When a large number of gravitational interactions between star systems occur, a star can be kicked hard enough to be ejected from the structure of which it is a part. We still observe fleeing stars in the Milky Way today; once gone they will never come back. It is estimated that this will happen for our sun at some point between 10 ^ 17 and 10 ^ 19, with the latter option being more likely. However, most scenarios involve the Earth-Moon system remaining tied to the sun when this happens. (Credit: J. Walsh and Z. Levay, ESA / NASA)

After ~ 1019 years, massive interactions eject most stars and solar systems.

Particular patterns over time, or singular gravitational interactions with the passage of large masses, can result in the disruption and ejection of large bodies from solar and planetary systems. In the early stages of a solar system, many masses are ejected only because of the gravitational interactions between protoplanets, but in the later stages it is only random encounters that cause planetary ejections, and these are more rare than those that will eject entire solar systems. (Credit: S. Basu, EI Vorobyov and AL DeSouza; arXiv: 1208.3713)

Earth, however, remains in orbit around our stellar remnant, with gravitational radiation causing inspiration.

The effects of our planet moving and accelerating through curved space-time induced by the central mass anchoring our solar system will eventually lead to the disintegration of Earth’s orbit. This loss of energy due to gravitational radiation is slow but constant and will cause our planet to actually disappear after about 10 ^ 26 years. (Credit: American Physical Society)
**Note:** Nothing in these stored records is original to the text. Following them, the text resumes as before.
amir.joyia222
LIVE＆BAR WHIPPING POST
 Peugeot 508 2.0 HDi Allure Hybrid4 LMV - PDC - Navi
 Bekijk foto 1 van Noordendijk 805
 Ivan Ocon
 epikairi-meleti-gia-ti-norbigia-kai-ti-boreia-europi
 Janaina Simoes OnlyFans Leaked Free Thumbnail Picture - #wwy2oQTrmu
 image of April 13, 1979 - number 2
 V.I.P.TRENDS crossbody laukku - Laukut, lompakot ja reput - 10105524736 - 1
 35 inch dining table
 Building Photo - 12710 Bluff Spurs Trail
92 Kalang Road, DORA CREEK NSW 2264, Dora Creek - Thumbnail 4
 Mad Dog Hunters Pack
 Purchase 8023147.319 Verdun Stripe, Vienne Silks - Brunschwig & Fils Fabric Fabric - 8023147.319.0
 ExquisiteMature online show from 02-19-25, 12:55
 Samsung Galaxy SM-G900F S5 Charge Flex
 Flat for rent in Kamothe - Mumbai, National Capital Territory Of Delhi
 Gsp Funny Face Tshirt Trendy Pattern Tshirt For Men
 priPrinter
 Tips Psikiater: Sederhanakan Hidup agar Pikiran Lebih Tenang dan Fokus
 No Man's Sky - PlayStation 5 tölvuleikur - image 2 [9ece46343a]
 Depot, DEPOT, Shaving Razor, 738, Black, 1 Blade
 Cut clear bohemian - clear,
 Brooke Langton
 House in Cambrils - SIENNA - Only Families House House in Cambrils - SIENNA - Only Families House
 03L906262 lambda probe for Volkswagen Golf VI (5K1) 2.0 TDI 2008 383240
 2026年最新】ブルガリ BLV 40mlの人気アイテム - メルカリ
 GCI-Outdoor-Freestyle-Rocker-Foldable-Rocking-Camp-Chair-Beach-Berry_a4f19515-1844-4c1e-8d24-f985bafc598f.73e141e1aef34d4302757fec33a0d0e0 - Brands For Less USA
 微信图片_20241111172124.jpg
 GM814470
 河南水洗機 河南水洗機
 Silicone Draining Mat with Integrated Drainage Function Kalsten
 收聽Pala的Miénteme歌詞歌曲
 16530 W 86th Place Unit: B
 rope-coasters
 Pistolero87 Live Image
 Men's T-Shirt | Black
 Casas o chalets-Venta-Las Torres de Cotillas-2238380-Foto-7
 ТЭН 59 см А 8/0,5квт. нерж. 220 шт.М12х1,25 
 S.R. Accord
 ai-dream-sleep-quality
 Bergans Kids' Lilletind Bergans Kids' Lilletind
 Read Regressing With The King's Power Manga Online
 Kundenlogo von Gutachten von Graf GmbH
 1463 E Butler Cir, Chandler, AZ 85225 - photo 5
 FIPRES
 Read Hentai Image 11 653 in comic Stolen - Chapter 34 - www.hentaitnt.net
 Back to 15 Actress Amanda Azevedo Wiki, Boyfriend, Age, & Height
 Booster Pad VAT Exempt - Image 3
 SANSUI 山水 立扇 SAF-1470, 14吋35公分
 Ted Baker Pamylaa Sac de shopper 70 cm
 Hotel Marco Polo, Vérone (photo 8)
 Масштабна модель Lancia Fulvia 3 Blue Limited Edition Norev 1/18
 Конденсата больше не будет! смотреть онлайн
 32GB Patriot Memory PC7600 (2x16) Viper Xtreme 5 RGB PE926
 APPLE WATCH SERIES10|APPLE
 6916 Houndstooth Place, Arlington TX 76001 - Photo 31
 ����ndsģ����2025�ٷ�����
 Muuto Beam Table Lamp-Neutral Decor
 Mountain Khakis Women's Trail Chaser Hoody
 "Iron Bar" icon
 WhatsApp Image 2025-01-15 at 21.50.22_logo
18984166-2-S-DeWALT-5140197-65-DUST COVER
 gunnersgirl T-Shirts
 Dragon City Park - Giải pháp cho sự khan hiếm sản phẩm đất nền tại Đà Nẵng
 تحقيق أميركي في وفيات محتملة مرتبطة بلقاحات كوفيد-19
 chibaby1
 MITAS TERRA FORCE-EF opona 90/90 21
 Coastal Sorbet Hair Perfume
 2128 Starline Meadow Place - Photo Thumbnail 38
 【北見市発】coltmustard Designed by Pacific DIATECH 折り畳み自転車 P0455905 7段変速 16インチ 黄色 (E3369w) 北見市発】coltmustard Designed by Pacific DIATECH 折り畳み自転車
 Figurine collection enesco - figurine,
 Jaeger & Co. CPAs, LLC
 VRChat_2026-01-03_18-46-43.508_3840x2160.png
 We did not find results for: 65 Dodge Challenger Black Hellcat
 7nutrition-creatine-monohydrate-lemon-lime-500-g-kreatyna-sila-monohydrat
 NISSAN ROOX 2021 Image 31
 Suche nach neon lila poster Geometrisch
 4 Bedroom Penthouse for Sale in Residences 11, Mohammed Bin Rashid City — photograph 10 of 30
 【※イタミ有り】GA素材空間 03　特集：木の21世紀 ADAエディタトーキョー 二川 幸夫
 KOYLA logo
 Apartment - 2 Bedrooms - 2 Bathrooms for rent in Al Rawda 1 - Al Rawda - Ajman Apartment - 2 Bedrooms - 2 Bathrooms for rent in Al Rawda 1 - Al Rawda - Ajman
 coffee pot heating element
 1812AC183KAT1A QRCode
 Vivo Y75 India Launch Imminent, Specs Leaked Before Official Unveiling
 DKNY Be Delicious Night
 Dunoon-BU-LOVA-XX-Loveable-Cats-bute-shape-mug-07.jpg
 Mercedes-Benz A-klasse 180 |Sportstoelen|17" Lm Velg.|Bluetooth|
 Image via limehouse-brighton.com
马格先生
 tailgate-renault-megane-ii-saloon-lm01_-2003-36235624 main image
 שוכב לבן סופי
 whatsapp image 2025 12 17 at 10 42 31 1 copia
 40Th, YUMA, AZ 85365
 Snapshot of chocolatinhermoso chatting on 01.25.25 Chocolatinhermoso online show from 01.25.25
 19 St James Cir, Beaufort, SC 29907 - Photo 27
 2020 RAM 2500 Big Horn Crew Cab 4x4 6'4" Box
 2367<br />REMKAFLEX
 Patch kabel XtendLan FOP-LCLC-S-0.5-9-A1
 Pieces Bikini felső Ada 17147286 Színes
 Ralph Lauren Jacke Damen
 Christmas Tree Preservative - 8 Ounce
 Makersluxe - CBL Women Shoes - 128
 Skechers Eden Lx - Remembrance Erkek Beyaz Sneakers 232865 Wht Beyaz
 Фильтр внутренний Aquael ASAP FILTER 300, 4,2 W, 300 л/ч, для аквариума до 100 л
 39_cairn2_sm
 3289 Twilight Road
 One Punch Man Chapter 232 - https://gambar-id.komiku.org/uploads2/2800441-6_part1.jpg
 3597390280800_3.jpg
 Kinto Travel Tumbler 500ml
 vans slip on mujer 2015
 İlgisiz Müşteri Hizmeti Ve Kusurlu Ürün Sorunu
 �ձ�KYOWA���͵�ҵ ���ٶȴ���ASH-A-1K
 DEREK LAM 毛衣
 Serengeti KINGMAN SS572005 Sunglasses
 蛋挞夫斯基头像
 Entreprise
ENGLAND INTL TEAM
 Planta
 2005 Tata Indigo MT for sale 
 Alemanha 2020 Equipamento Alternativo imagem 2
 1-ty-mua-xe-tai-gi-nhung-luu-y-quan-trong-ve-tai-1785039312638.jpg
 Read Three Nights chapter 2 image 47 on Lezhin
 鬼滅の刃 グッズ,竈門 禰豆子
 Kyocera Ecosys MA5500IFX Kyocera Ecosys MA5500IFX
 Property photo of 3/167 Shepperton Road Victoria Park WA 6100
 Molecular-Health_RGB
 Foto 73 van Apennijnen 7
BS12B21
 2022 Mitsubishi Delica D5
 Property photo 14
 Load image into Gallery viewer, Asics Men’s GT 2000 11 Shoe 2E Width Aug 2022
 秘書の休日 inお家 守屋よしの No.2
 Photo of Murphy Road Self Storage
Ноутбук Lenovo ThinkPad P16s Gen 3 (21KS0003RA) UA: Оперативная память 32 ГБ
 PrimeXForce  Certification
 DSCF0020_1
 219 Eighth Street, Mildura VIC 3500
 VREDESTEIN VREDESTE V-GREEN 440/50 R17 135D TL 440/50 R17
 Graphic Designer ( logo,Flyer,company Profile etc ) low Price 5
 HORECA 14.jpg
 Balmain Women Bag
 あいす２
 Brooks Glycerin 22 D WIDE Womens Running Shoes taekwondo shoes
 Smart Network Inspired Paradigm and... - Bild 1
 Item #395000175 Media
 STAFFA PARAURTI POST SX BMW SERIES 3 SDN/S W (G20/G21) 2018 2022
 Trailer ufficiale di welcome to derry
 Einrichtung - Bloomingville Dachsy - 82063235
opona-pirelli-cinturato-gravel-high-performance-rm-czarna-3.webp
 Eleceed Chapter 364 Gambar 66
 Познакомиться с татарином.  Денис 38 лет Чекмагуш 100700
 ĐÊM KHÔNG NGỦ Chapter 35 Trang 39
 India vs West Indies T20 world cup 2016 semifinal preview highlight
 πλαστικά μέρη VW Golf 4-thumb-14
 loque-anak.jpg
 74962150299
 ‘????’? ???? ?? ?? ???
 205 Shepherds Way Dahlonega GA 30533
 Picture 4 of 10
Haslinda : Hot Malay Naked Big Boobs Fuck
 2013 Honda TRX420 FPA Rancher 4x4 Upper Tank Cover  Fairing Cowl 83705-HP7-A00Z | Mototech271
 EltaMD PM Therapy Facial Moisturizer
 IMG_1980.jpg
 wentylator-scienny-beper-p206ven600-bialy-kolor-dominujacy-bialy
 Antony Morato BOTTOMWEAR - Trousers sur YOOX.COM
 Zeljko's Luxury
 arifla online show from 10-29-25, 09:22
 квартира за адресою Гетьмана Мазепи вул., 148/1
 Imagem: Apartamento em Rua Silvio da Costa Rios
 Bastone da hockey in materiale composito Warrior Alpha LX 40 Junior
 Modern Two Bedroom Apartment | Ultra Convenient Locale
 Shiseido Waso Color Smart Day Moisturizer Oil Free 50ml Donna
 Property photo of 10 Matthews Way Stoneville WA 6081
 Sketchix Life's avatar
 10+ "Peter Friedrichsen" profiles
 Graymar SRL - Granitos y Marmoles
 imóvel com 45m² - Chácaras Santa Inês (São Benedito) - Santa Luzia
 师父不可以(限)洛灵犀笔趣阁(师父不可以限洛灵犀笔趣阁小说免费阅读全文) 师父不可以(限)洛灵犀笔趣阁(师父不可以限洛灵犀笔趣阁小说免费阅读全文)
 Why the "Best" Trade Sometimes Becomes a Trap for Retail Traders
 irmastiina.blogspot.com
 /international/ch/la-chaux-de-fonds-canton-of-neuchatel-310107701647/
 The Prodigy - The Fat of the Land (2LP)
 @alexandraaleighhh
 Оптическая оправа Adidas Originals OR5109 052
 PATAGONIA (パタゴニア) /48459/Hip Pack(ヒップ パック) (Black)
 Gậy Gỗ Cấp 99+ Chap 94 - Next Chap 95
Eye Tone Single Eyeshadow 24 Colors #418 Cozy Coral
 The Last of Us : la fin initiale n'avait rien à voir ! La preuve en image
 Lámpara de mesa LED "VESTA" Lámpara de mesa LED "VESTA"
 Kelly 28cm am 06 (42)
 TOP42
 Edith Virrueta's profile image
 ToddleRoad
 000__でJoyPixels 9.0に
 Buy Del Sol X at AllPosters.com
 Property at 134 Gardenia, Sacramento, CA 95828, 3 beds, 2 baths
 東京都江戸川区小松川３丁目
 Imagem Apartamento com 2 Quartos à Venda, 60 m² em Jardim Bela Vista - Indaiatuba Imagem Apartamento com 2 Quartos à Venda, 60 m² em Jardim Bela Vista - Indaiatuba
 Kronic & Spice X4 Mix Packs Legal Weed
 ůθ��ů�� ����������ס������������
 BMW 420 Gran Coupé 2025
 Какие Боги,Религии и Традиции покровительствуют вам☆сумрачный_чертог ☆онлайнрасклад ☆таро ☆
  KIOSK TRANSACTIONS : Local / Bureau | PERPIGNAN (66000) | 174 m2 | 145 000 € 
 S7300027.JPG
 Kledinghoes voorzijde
After ~ 1026 years, the tides will fatally tear the planet apart.

When a single massive body gets too close to a larger mass, the tidal forces become large enough to defeat the gravitational bonding energy, tearing the object apart and stretching it into a ring, before it rains. and does not settle on the surface of the more massive body. The rest of the sun can do this to Earth in ~ 10 ^ 26 years. (Credit: NASA / JPL-Caltech)

The black dwarf corpse of the sun will finally devour the remaining ashes of the Earth: our ultimate end.

Once the sun has become a black dwarf, if nothing is ejected or collides with the remnants of the Earth, gravitational radiation will eventually cause us to spiral, tear apart and eventually swallow by the remnants of the Earth. our sun. (Credit: Jeff Bryant / Vistapro)

Only rare, isolated and ejected planets will remain intact longer.

Rogue planets can have a variety of alien origins, such as resulting from jagged stars or other materials, or planets ejected from solar systems, but the majority are expected to come from the star-forming nebula, as simple gravitational clusters that have never reached the star. size objects. When a microlens event occurs, we can use the light to reconstruct the mass of the middle planet. (Credit: C. Pulliam, D. Aguilar / CfA)

Mostly Mute Monday tells an astronomical story in pictures, visuals and no more than 200 words. Talk less; smile more.